For treatment of Type I and II diabetes mellitus.
Used in the treatment of type I and type II diabetes, the primary activity of insulin is the regulation of glucose metabolism. Insulin promotes glucose and amino acid uptake into muscle and adipose tissues, and other tissues except brain and liver. It also has an anabolic role in stimulating glycogen, fatty acid, and protein synthesis. Insulin inhibits gluconeogenesis in the liver.
mechanism of action
Insulin binds to the insulin receptor (IR), a heterotetrameric protein consisting of two extracellular alpha units and two transmembrane beta units.
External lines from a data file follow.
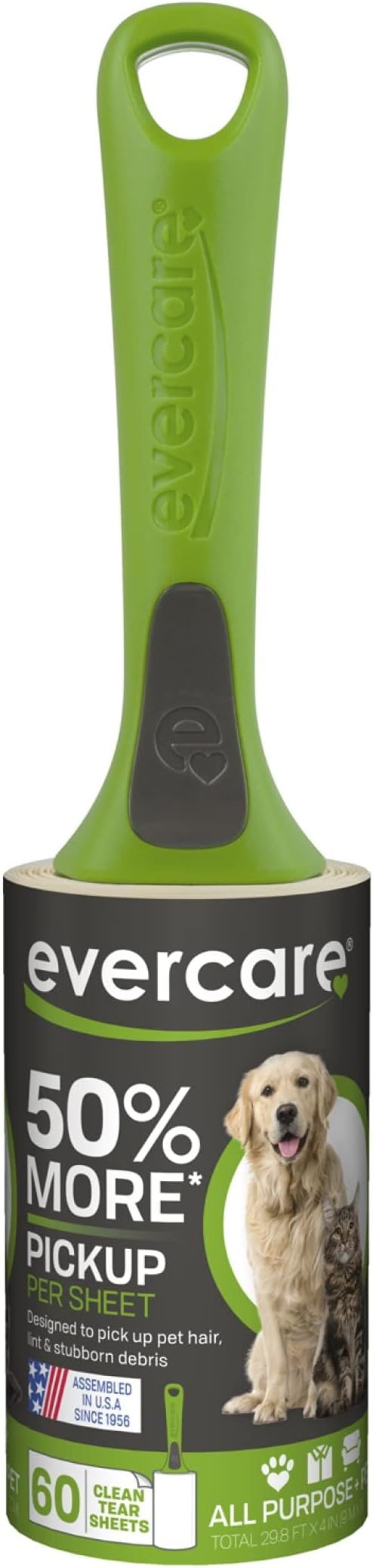 Evercare Giant Extreme Stick Lint Roller Brushes with 60 Easy-Peel Sheets, Pack of 5 Refillable Lint Rollers for Hair and Debris (300 Sheets Total)-PurrikoPets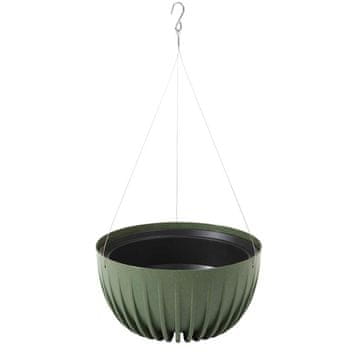 shumee Viseči lonec za rože iz EKO lesa zelene barve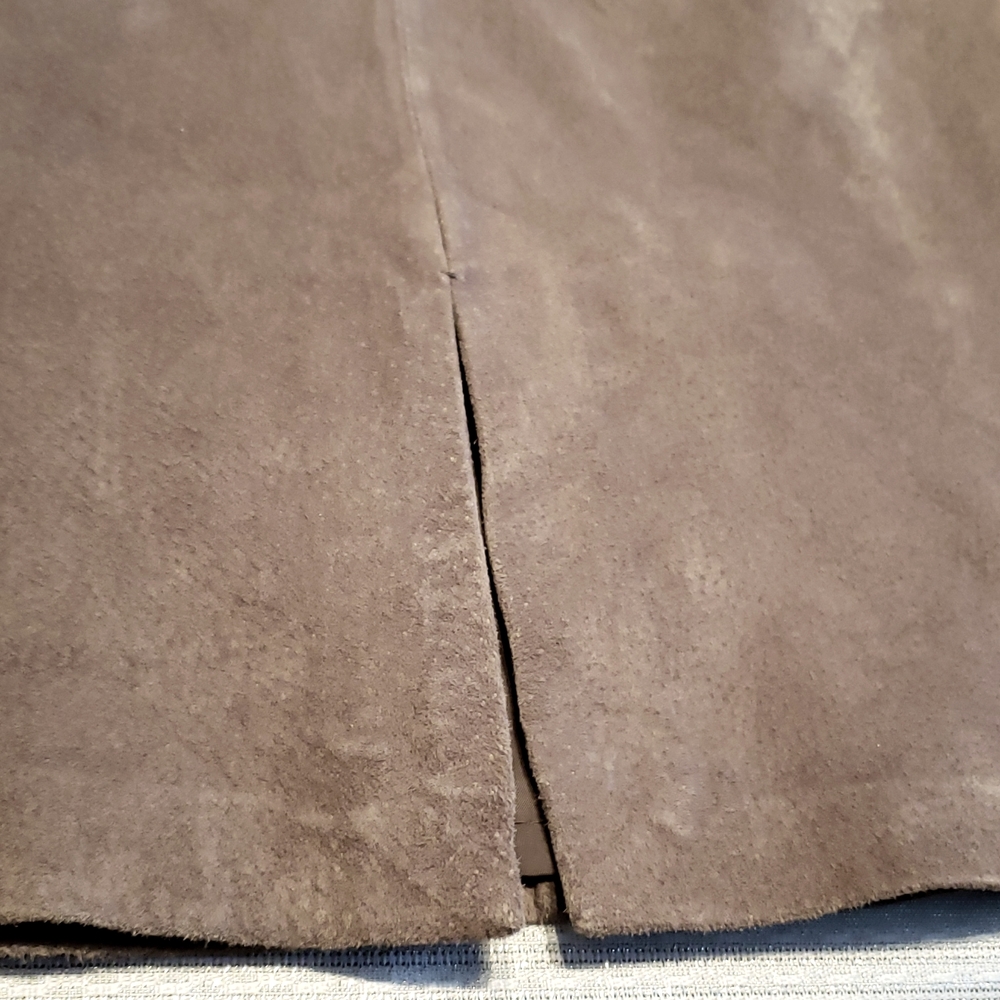 St. John's Bay NEW Suede Leather Skirt A-line Below Knee Back Slit 8 Tan - Picture 3 of 12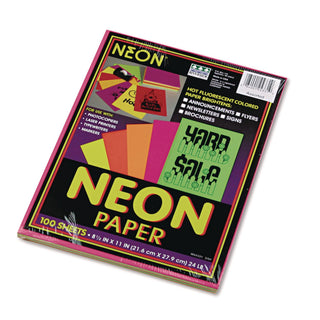 NEON Bond Paper by Pacon – 8-1/2 x 11 Inches, Sulphite, Multicolor, Model P104331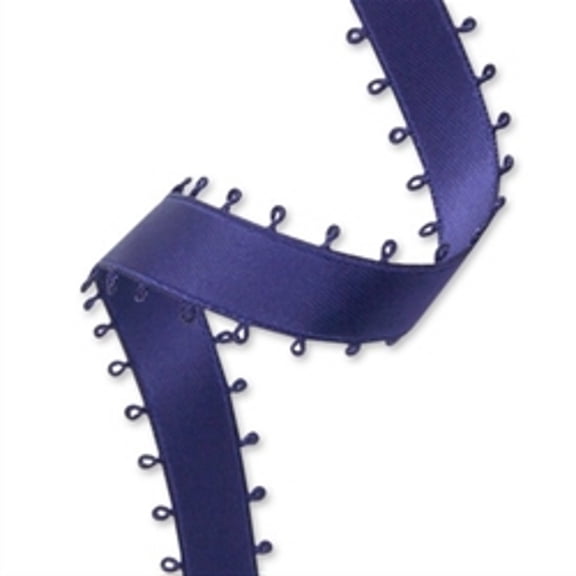 3/8" Double Face Satin Picot Ribbon Feather Edge 50 Yds - Navy Blue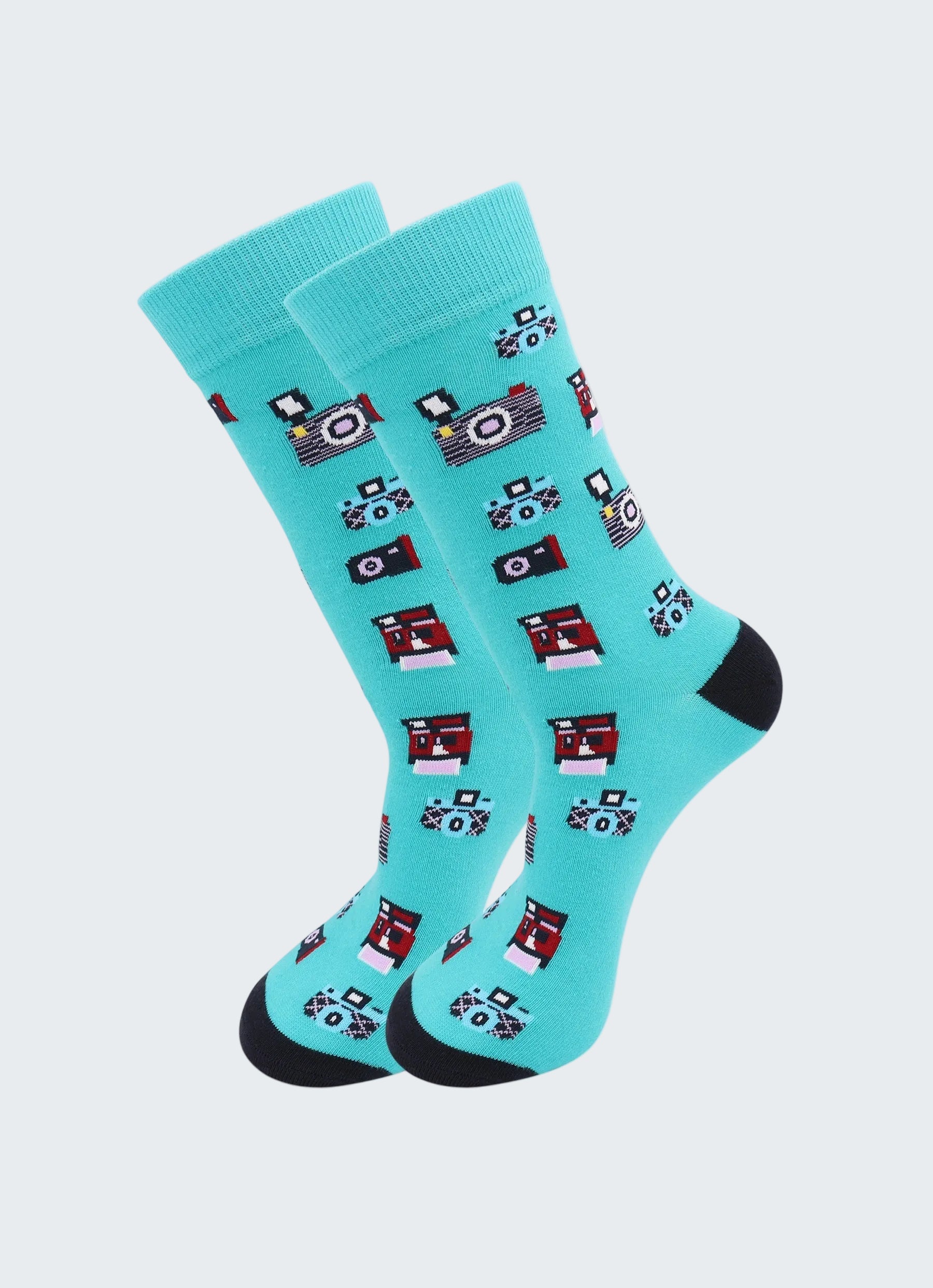 Turquoise socks with camera pattern on a white background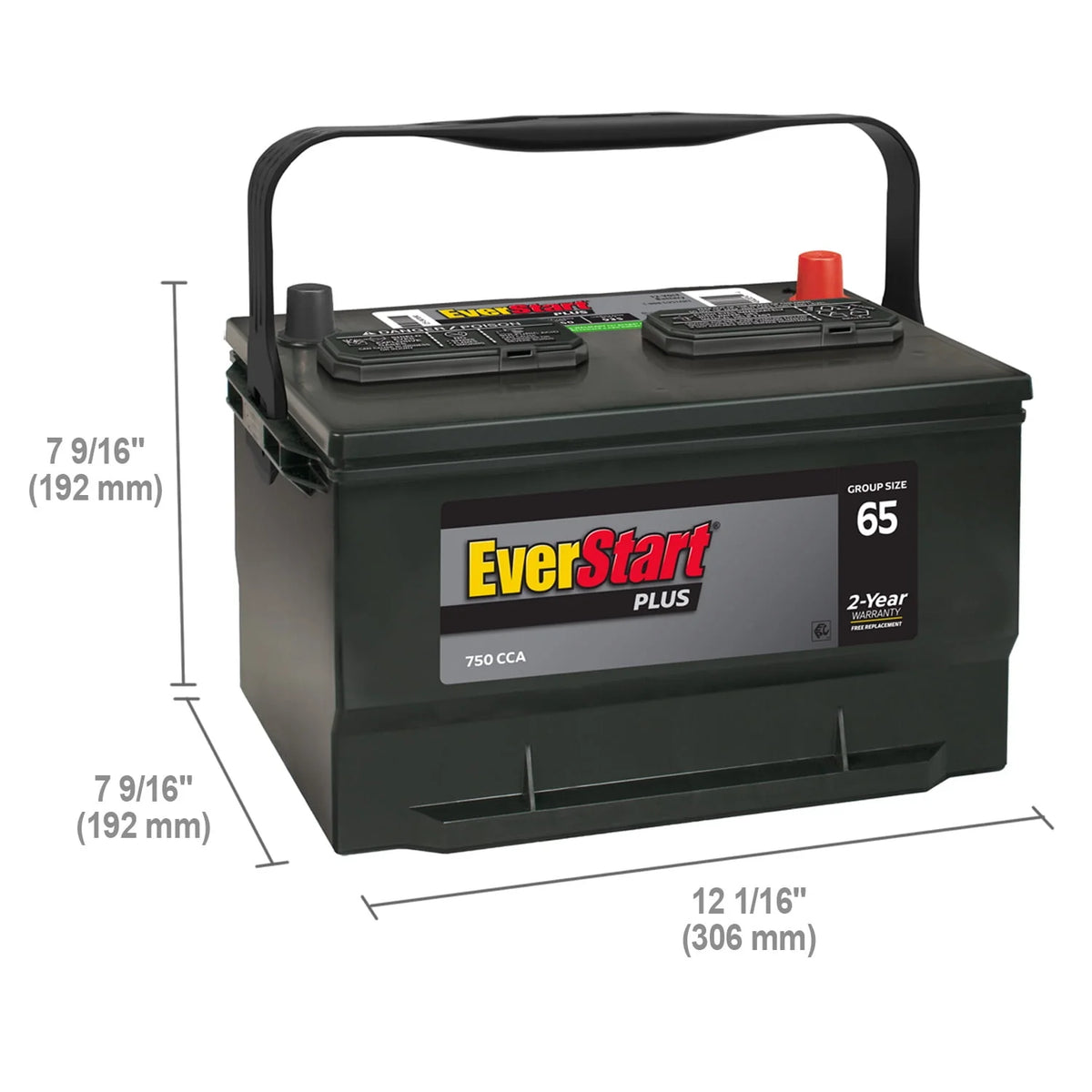 Lead Acid Automotive Battery Group Size 65 12 Volt 750 CCA J888902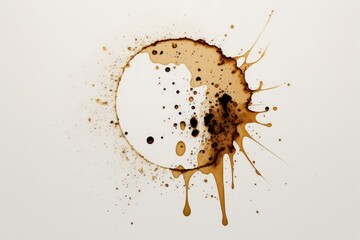 Fototapeta na wymiar Coffee stains isolated on a white backdrop. Generative AI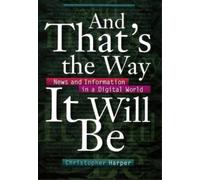 Christopher Harper And That's the Way It Will Be (Tascabile)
The binding of insulin to the alpha subunit of IR stimulates the tyrosine kinase activity intrinsic to the beta subunit of the receptor. The bound receptor is able to autophosphorylate and phosphorylate numerous intracellular substrates such as insulin receptor substrates (IRS) proteins, Cbl, APS, Shc and Gab 1. These activated proteins, in turn, lead to the activation of downstream signaling molecules including PI3 kinase and Akt. Akt regulates the activity of glucose transporter 4 (GLUT4) and protein kinase C (PKC) which play a critical role in metabolism and catabolism.
Insulin is predominantly cleared by metabolic degradation via a receptor-mediated process.